2.6. Serum collection

Ten representative serum samples were collected from each group of chickens for an HI test to measure antibody titres. Samples were collected 10 days after each vaccination on days 15, 36 and 64. Moreover, samples were taken on days 5, 15, 21 and 31 of age from the control group that had not been vaccinated. Blood samples of 1–1.5 mL per bird were obtained using a 3 mL sterile disposable syringe to draw from the wing vein, following the standard methods described by Alders and Spradbrow (2001). The collected blood was allowed to clot overnight at room temperature before being spun at 1000 rpm for 10 min. The separated serum was then kept at −20°C until used to measure the presence of antibodies using HI assays.

2.7. Antibody detection and protection test

A positive outcome for NDV was defined as HI titres of 4 log2 (Office International des Epizooties (OIE), 2013). Each bird was administered a viral suspension of 107 EID50/mL via naso‐ocular routes in doses of 0.1 mL. The NDV strain, known as the Alemaya strain (genotype VI), was used in this study. The EID50 of virus was calculated according to Reed and Muench (1938). The morbidity and mortality of the chickens from each treatment group were monitored in separate pens every day for 15 days.

2.8. Data management and analysis

After being imported into Microsoft Excel for Windows 2010, the data was entered, saved, and then processed using STATA version 14.0 for Windows (Stata Corp.). To analyse (GMT + SD) for both the vaccinated and unvaccinated groups, a Microsoft spreadsheet was used. The ANOVA single‐factor and paired t tests were performed to assess whether there were any significant differences in the HI titres of hens in a group following the first, second and third vaccinations (Beri, 2005).
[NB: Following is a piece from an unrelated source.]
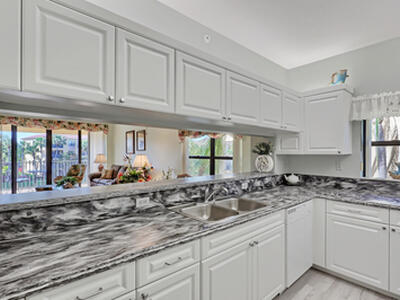 800 Uno Lago Drive, Juno Beach, FL 33408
The significance level was set at a p‐value of 0.05 for detecting a significant difference.

3. RESULTS

3.1. Antibody titre for passive immunity

The levels of maternally‐derived antibodies (MDA) in layer chickens were evaluated by measuring antibody titres for passive immunity from days 5 to 31. The mean titre recorded for the chickens was 7.75 ± 5.96 at 5 days old, exhibiting a statistically significant difference (p = 0.002), followed by 6.44 ± 5.30 at 15 days old, although the difference was not statistically significant (p = 0.413). At 21 days old, the mean titre was 6.61 ± 5.05, with a significant difference observed (p = 0.004), and at 31 days old, it was 6.30 ± 4.96, although the difference was not statistically significant (p = 0.119), as shown in Table 2.

TABLE 2.

Haemagglutination inhibition test titres result of passive immunity of layer chicken (GMT ± SD (n = 10).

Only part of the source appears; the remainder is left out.